◆ **DATASET EXTRACT**:
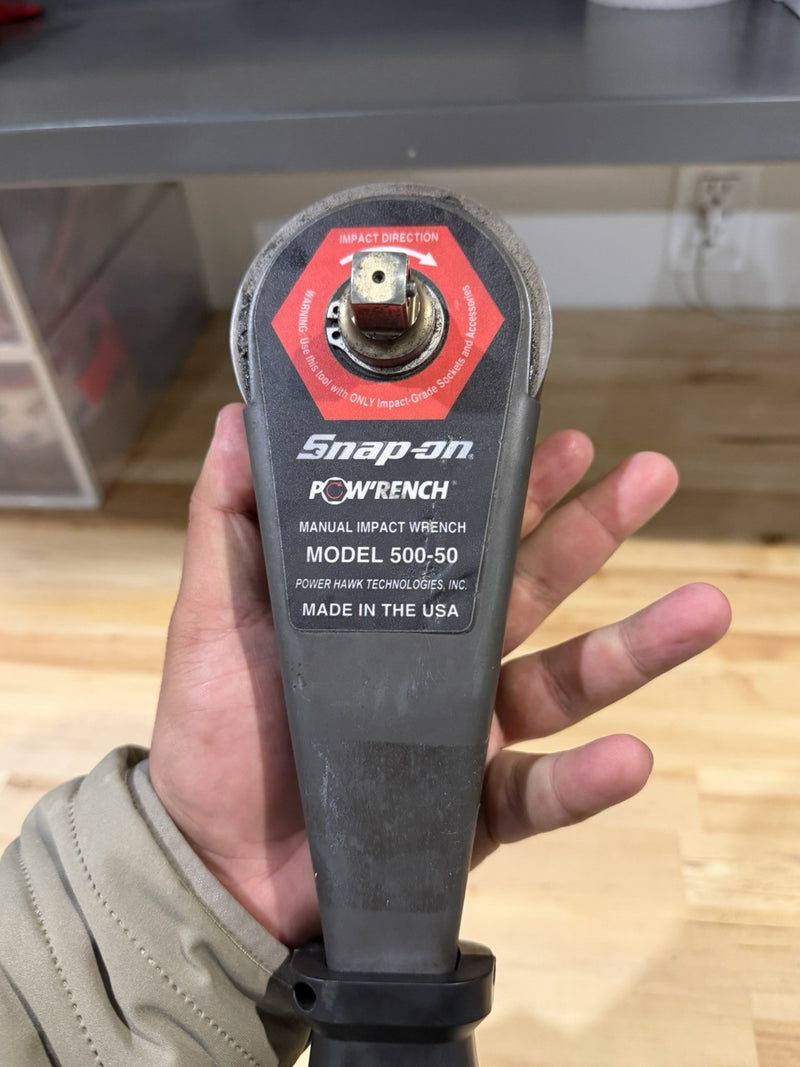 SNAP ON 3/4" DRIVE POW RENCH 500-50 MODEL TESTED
==
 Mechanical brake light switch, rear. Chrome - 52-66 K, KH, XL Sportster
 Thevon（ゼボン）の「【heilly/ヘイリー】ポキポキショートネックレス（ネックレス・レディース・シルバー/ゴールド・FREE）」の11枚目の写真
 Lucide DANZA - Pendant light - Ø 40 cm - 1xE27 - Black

◆ **PROBLEM DESCRIPTION**:
Find each line in the records holding the string "light" and show it.

◆ **ANSWER SECTION**:
 Mechanical brake light switch, rear. Chrome - 52-66 K, KH, XL Sportster
 Lucide DANZA - Pendant light - Ø 40 cm - 1xE27 - Black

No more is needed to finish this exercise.